What protections am I provided at work?
While individual company policies and assistance programs will differ, there are several laws in place in the United States that protect you as an employee suffering from addiction.
Make sure you understand these laws and are familiar with the protections they offer, as well as any company policies that offer resources or securities for employees with disabilities.
What if I lose my job while in treatment?
Many professionals worry that entering into rehab for their addiction will mean risking their career, but in reality, the opposite is often true.
With various laws in place to help protect your job security and prevent discrimination, seeking treatment can help you get control over your life and improve your abilities and relationships at work.
According to the Substance Abuse and Mental Health Services Administration (SAMHSA), it is illegal to fire someone based on a disability pertaining to substance abuse under the Americans with Disabilities Act.
How can I maintain my recovery when I return to work?
Returning to work means returning to stressors like deadlines, high expectations, office politics, and more. A good treatment center, however, can help ease you back into your career and manage problematic triggers.
Many executive recovery programs allow patients to remain connected to their jobs by engaging in work online or over the phone when necessary. While recovery is always the most important goal of rehabilitation, allowing some flexibility to work during treatment means you won’t be completely disconnected from your job. This can help make the transition back to work easier.
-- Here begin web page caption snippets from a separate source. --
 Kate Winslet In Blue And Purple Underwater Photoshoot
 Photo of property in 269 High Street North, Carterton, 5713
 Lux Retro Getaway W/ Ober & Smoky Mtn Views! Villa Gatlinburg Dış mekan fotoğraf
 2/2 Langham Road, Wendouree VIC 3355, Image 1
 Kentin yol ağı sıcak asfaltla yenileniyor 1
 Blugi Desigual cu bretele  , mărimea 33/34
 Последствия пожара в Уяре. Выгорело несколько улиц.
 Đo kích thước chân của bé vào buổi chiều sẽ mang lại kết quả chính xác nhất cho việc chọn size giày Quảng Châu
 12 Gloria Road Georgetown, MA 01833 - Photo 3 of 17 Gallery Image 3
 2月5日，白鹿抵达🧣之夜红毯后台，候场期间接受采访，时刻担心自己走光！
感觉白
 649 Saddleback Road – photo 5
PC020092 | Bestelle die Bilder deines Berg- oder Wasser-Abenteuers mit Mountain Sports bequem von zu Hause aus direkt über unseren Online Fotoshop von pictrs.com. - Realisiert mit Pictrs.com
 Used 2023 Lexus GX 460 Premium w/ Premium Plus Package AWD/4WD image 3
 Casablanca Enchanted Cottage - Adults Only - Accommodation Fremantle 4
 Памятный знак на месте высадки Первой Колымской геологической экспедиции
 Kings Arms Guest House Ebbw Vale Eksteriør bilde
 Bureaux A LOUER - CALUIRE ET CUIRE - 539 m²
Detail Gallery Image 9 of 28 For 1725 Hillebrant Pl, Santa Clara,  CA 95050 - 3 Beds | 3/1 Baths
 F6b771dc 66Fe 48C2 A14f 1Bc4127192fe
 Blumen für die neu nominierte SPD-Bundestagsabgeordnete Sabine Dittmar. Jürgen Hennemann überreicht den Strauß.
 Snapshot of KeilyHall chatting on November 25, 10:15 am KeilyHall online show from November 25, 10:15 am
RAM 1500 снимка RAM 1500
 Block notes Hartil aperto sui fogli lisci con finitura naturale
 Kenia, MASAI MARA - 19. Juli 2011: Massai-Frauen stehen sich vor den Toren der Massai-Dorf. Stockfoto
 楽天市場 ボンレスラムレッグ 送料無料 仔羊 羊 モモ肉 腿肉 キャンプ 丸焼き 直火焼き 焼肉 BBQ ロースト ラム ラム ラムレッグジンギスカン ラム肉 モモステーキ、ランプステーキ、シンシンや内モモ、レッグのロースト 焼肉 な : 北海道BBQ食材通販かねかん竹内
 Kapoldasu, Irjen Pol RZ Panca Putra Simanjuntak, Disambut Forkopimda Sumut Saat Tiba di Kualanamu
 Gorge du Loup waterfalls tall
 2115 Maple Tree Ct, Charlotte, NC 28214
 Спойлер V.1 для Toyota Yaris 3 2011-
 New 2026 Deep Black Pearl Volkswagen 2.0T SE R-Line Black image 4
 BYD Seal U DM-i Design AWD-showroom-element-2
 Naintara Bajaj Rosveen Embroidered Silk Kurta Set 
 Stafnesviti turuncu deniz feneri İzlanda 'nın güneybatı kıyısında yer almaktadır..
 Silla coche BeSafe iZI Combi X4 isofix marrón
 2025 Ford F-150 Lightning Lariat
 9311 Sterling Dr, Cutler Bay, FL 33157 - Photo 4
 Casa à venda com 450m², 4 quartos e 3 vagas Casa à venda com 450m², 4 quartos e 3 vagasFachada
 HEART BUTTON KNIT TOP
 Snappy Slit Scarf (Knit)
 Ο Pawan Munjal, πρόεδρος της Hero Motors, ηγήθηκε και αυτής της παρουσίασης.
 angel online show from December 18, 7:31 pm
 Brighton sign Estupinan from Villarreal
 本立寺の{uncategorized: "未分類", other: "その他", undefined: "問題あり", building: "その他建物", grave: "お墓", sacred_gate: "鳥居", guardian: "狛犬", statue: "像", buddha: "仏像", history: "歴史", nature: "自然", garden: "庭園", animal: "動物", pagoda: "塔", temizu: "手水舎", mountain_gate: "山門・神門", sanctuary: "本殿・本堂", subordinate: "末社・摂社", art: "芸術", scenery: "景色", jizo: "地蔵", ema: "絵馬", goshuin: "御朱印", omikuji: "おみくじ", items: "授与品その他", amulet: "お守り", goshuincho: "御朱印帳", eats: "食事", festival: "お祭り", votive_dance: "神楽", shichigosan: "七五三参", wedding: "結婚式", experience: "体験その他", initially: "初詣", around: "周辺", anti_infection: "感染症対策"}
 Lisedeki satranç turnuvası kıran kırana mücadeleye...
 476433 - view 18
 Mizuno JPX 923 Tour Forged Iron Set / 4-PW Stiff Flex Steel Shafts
Another major way to help maintain your recovery is to make sure your treatment offers strong outpatient programs and aftercare. These programs can help you avoid burnout or relapse through counselling, planning, self-care routines, and putting you into positive interactions with sober people.
How can I prepare for treatment?
Although it may be difficult to accept one’s problems or face the fear of losing a job, taking the first step in your recovery and seeking help will start you on a path to a healthier and happier lifestyle.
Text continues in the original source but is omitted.